BY JOHN KIESEWETTER
The Cincinnati Enquirer
PASADENA, Calif. -- When you hear the name "Roseanne," what comes to mind?
Headlines of temper tantrums, fired producers and threats to quit her old ABC sitcom?
Reports of petty, childish faxes to perceived enemies?
Tabloid tales of flashing tattoos on her tail end?
So it's safe to say the phrase "parenting expert" never popped into your mind?
Well, that's one of the reasons she returns to TV this fall, hosting a daytime talk show, The Roseanne Show, premiering Sept. 14 on WLWT (Channel 5).
But at a lunch on the opening day of the Summer Press Tour for TV critics, the surprisingly sedate comic couldn't say much more about her new show.
"It's very, very important to me to do a show on raising children as normal people in kind of a crazy world, teaching children about responsibility," says Roseanne, 45, the mother of five (ages 4 to 27).
"One thing I think is really cool about me -- and what's different about me than all other (daytime talk hosts) on television -- is I have children who are grown, children who I let live through their teen-age years," she says.
"(They) actually have grown into remarkable human beings, who are very functional and moral," she says about Brandi, 27, whom she gave up for adoption in 1971, and Jessica, 23, Jennifer, 22, and Jake, 20, from her first marriage.
Beyond that, however, Roseanne was amazingly ambiguous about the new show announced 14 months ago.
She refuses to say where Roseanne fits on the daytime TV spectrum among serious Oprah Winfrey, sleazy Jerry Springer and Rosie O'Donnell's variety. She offers no hints about her set or studio. Two months before her debut, she sounds like she doesn't have a clue.
"We're going to do multiple topics, and a lot of comedy," she says. "We'll be a little bit like Oprah, and a little bit like Rosie.
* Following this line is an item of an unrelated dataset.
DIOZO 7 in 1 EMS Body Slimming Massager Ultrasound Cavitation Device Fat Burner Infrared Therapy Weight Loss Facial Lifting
The vague session reminded me of last year's meeting with Keenen Ivory Wayans weeks before the debut of his talk show, which crashed and burned in seven months. It was so totally different from the confident, caustic Roseanne we met 10 years ago, when she introduced us to blue-collar housewife Roseanne Conner.
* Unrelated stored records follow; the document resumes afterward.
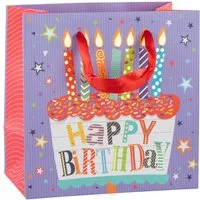 Idena Tragetasche Geschenktasche - Geburtstag, Kerzen, 16 x 16 x 9 cm, 210g/m²
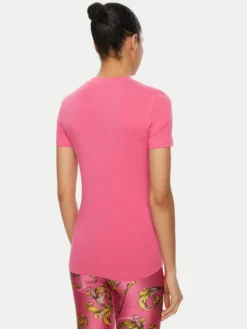 Versace Jeans Couture T-Shirt 78HAHT00 Różowy Regular Fit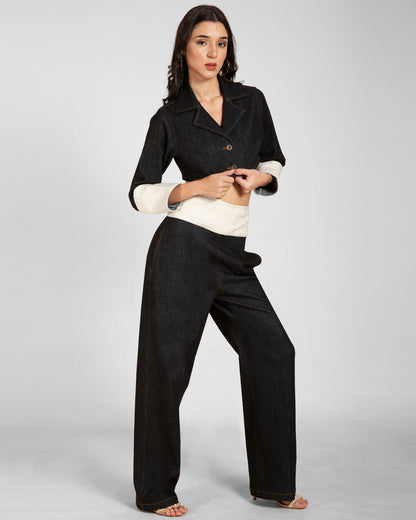 Dual-Tone Denim Co-Ord Set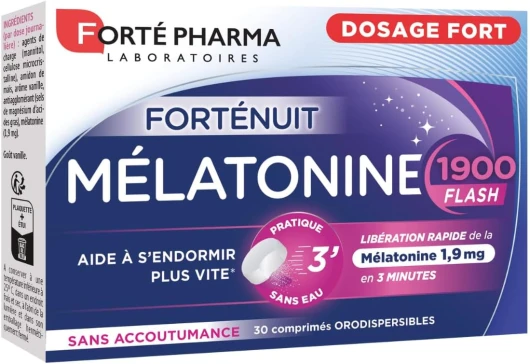 Mélatonine 1900 Flash - Mélatonine 1,9 mg - Comprimés à sucer - Action Rapide - Complément Alimentaire Sommeil - Endormissement Plus Rapide - 30 comprimés orodispersibles - goût vanille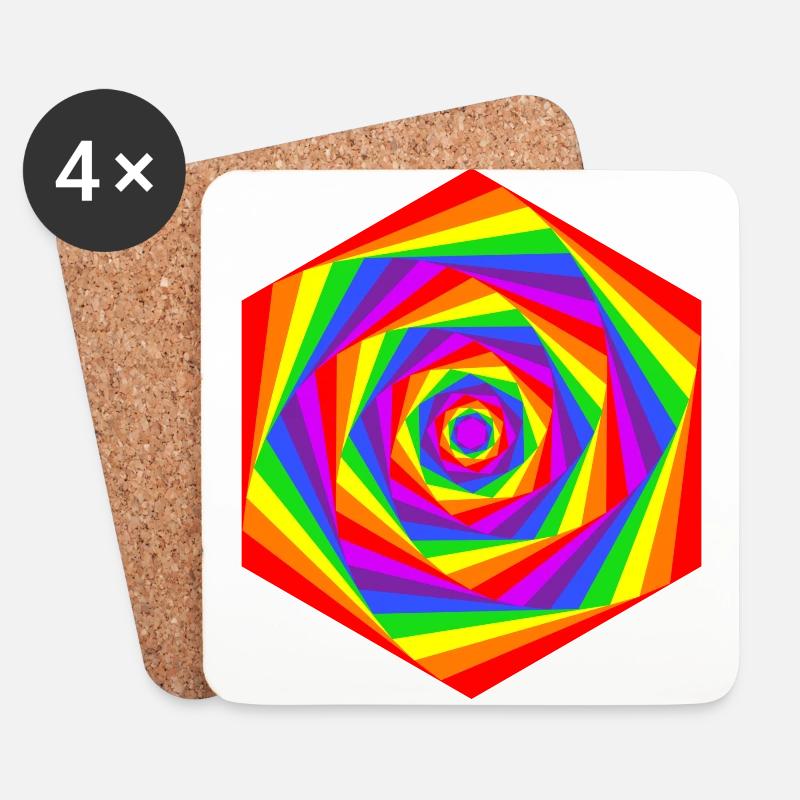 Regenbogen Hexagon - Untersetzer (4er-Set) - Weiß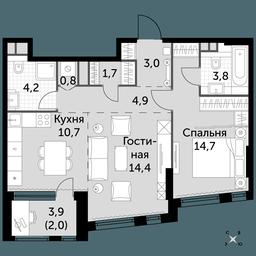 2-BD Apartment Sale, 60.2平方米 at Rotterdam, Varshavskoye Highway, 37Ак1с2, Moscow, Russia #3 2-BD Apartment Sale, 60.2平方米 at Rotterdam, Varshavskoye Highway, 37Ак1с2, Moscow, Russia #3
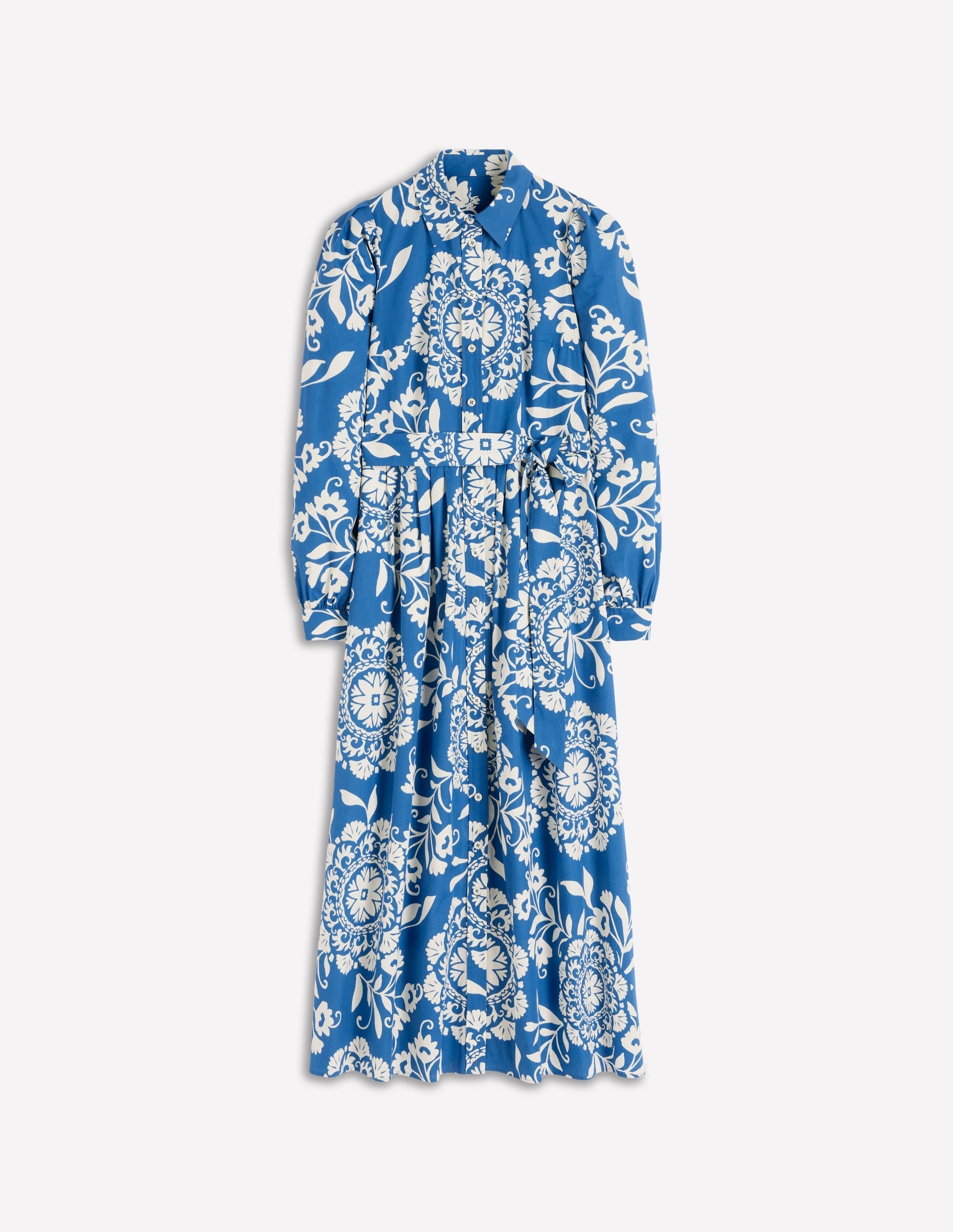 Alexa Cotton Midi Shirt Dress-Blue, Decorative Blossom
You remember Roseanne Conner, the woman who refused to tie her son's shoelaces ("Wear loafers") or hunt for a school book ("I sold it").
What a difference a decade makes. Has she mellowed?
"Everyday, hopefully, you progress as a human being, so hopefully I learned something in 10 years," she explains.
So why does she need a daily one-hour talk show? Why not more movies or theater?
"As a stand-up comic, (a talk show) is the best thing that you could possibly do, because it's immediate. When you think of something, you're able to say it right then. There's some jazz to it," she says.
On a talk show, "I'm able to be myself, and I haven't done that yet. So that's what's really exciting, not playing a character."
Enquirer TV critic John Kiesewetter is reporting this month from the Summer Press Tour.